Sunil Paul, the Co-Founder & COO of Finesse shares his views about the new dimensions of technology that provides a focused approach to Analytics and its understanding.
Can present and past experiences provide a window into the future? It is an open debate on the individual front but not so much for businesses as predictive analytics holds the alluring promise of visibility and predictability into what will happen in the future.
If we consider the exponential growth in devices connected to the Internet of Things (IoT), with estimates ranging from 20 million by 2020, according to Gartner and 25 million by 2025, according to GSMA Intelligence, predicting the future could only get better. In fact, greater availability of data, storage and computing power has helped bring predictive analytics into the mainstream from its high-perch a decade or so ago.
Machine learning, data mining, artificial intelligence and predictive modelling constitute the core elements of predictive analytics solutions. An example of predictive analytics at work in our daily lives is perhaps weather forecasting, where current and past data are used to predict the weather for the days ahead. But for businesses, its advantage lies in identifying trends, understanding customers, improving business performance and driving strategic decision making. It wouldn’t be incorrect to state that predictive analytics could be used to produce deeper insights to drive specific business outcomes.
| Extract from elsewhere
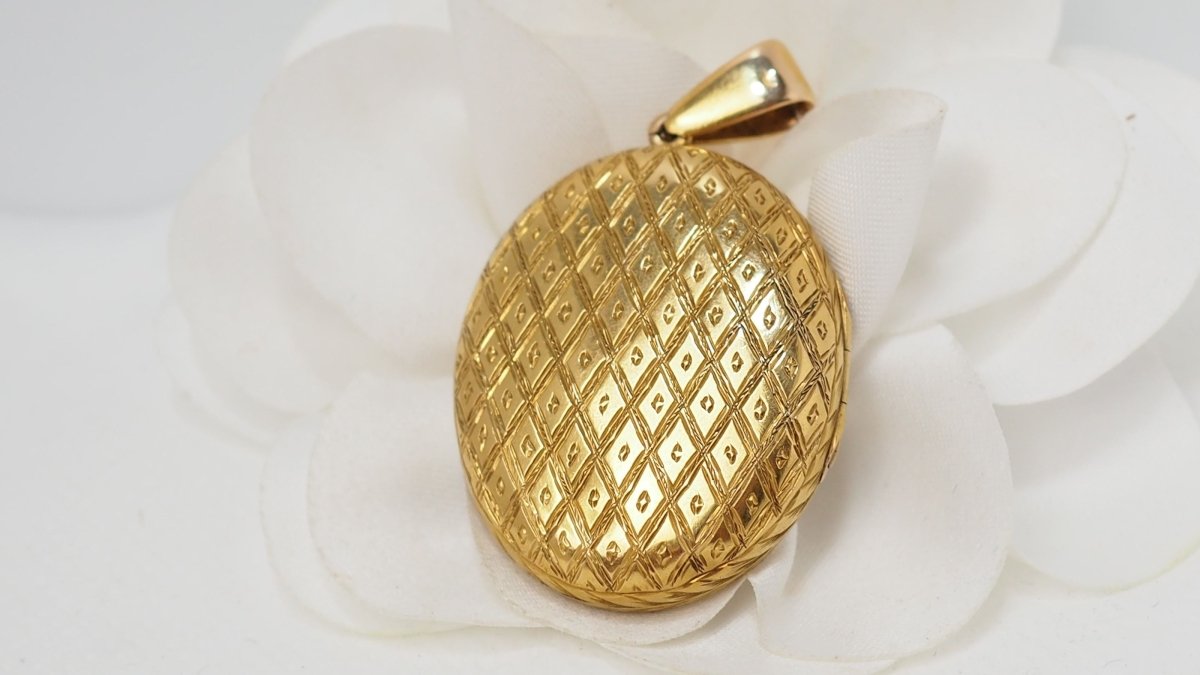 Pendentif Porte Photo Email et Perle - Castafiore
Predictive analytics is being employed across varied industry verticals, businesses and functions. In manufacturing, for example, firms are using predictive analytics to achieve better inventory control by track stock levels using IoT and automating the replenishment process. In fact, in asset-heavy industries like oil and gas or power generation, the power of predictive analytics is being harnessed to service components and equipment based on their actual performance instead of time-based schedule. In healthcare, there are opportunities to use predictive analytics to improve patient care to better hospital management. The telecom industry was one of the first verticals to use predictive analytics for applications ranging from predicting consumer churn to managing network assets. In the insurance industry, predictive analytics is being used not only to control risks in underwriting but also detect insurance fraud claims.
To get started on predictive analytics, the fundamental requirement is data availability. In fact, the maxim is more data you have, the better. And more accurate the data, more accurate are the predictive models and their predictions. This data can be from both sources that are internal and external to the company. There is also the question of whether to hire data scientists to build predictive models in-house or use external providers, which is a decision best left to the company’s leadership.
However, do remember that it is easy to become enamoured with predictive analytics, so much so that making predictions purely for the sake of predicting the future could become a habit with zero benefits. As predictive analytics solutions get more and more accurate, and competitors scramble to get on board, the challenge would be to act on those predictions, and act quickly enough.
Remember, predicting the future is useful only when that data and information can be transferred into action before your competitors beat you to it.